The EU regulatory framework for protection of personal data is undergoing major reform in order to tackle persisting differences between national data protection regimes across the EU. Additional objectives of the reform include strengthening data protection in line with its status as a fundamental right in the EU constitutional order, increasing public trust in online services, and minimising data controllers’ compliance burdens. As part of this reform the European Commission issued a proposal in 2012 for a General Data Protection Regulation (GDPR) which is to replace the current Data Protection Directive (Directive 95/46/EC).
A very interesting review of the issues and challenges to this reform is provided by L.A. Bygrave (University of Oslo) in the recent deliverable “D5.2 A Roadmap for IoT/Cloud/Distributed Sensor Net Privacy Mechanisms” from the Network of Excellence in Internet Science (FP7-288021) published on 30 November 2014.
As described in the “D5.2 Roadmap”, the GDPR will be more detailed and stringent than the Data Protection Directive (DPD), and with 139 recitals and 91 articles (many comprising multiple clauses), the combined immensity and density of the document risks making comprehension of it extremely challenging, even for experts in the field.
Noteworthy enhancements of current rules include:
- New requirements of ‘data protection by design and by default’—ie an obligation on data controllers to inject data privacy norms into information systems development (art 23; cf DPD art 17);
- A new obligation on controllers and processors to carry out ex ante ‘data protection impact assessments’ of risky processing operations (art 33);
- A new obligation on controllers to notify Data Protection Agencies (DPAs) and data subjects of ‘personal data breaches’ (arts 3 –32);
- Stronger sanctions (art 79);
The proposed regulation also include duties on controllers and processors to document in detail all processing operations under their responsibility (art 28), a general duty of accountability on controllers (art 22) and, in particular cases, duties on controllers and processors to appoint internal ‘data protection officers’ DPOs art 3 .
As is the case with numerous areas of regulatory policy the EU data protection reform is faced with the dilemma of finding a way to provide sufficient prescriptive guidance without unduly compromising normative flexibility in the face of technological change and uncertainty over the direction of that change.
It will take considerable time before the dust settles around the legislative reform.

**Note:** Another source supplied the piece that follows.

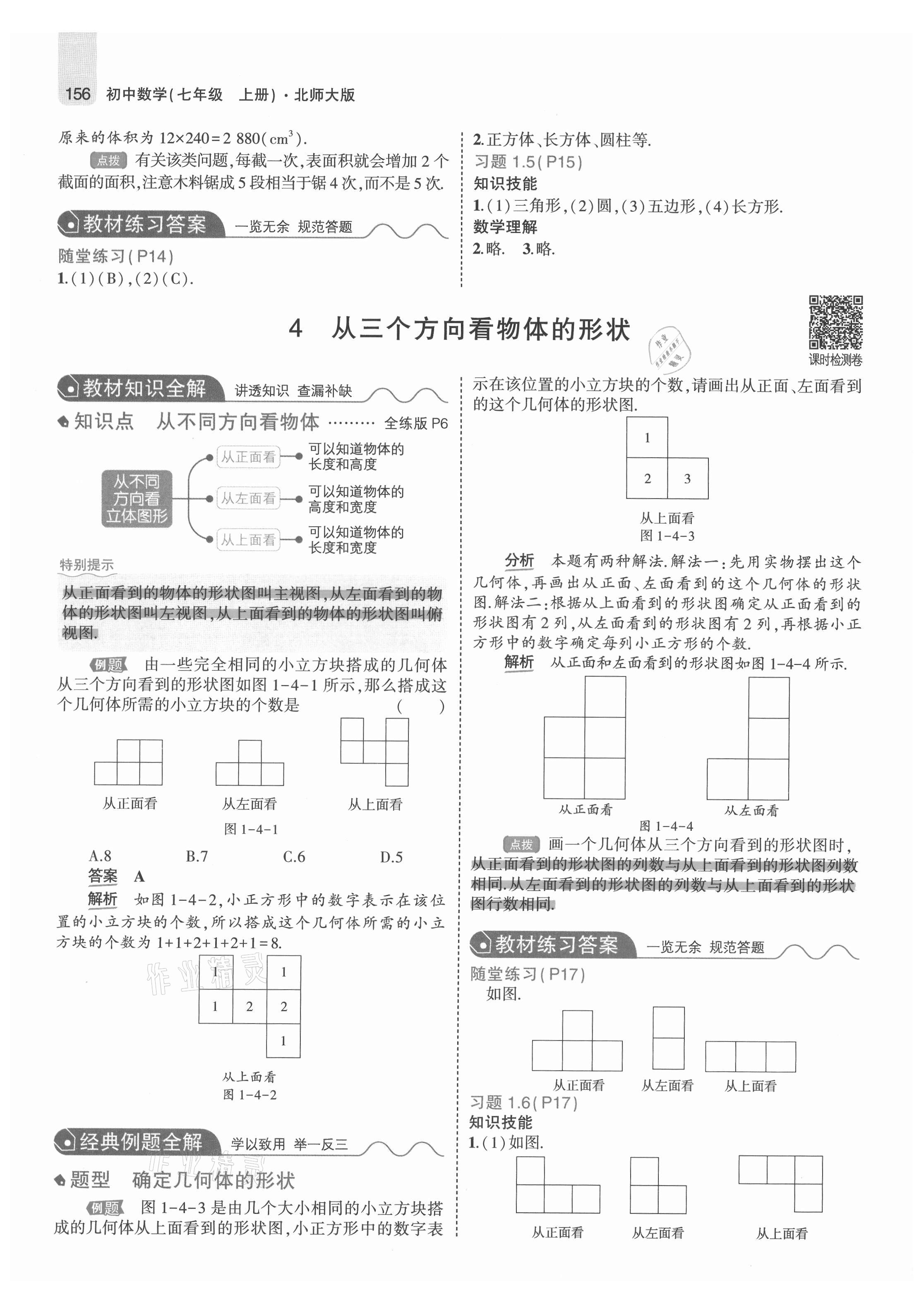 2021年教材課本七年級(jí)數(shù)學(xué)上冊(cè)北師大版 參考答案第6頁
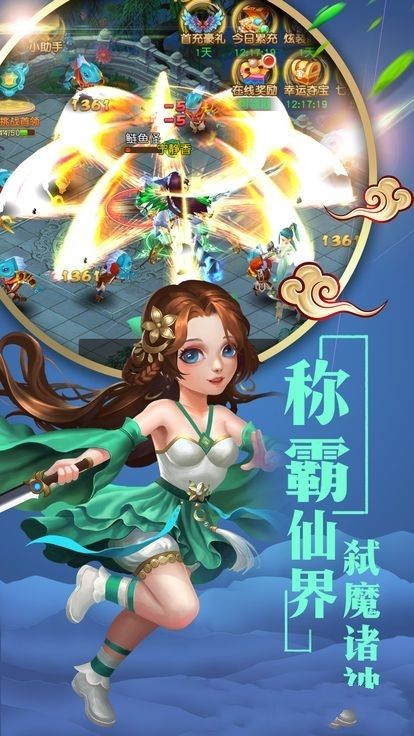 仙萌亂斗手游下載正式版截圖4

The process is complex and cumbersome. The European Parliament has endorsed the basic thrust of the Commission’s proposal, albeit with minor exceptions e.g. the Parliament has proposed beefing up the sanctions regime such that fines can reach 5% of a company’s annual worldwide turnover – whereas the Commission has proposed a 2% level). However, the Council of Ministers is still debating its own set of amendments and there are reports of deep splits on central points of the proposal (such as the ‘one-stop shop’ scheme .
To quote Burton, Kuner and Pateraki (2013), ‘The reform is a marathon, not a sprint’. The development of this legislation will undoubtedly see many more twists and turns so, recalling the admonition from Nesta that ‘The coming European Data Protection Regulation is the most important piece of law that no-one has heard of‘, lets add monitoring of the progress of this legislation to our list of new year resolutions for 2015!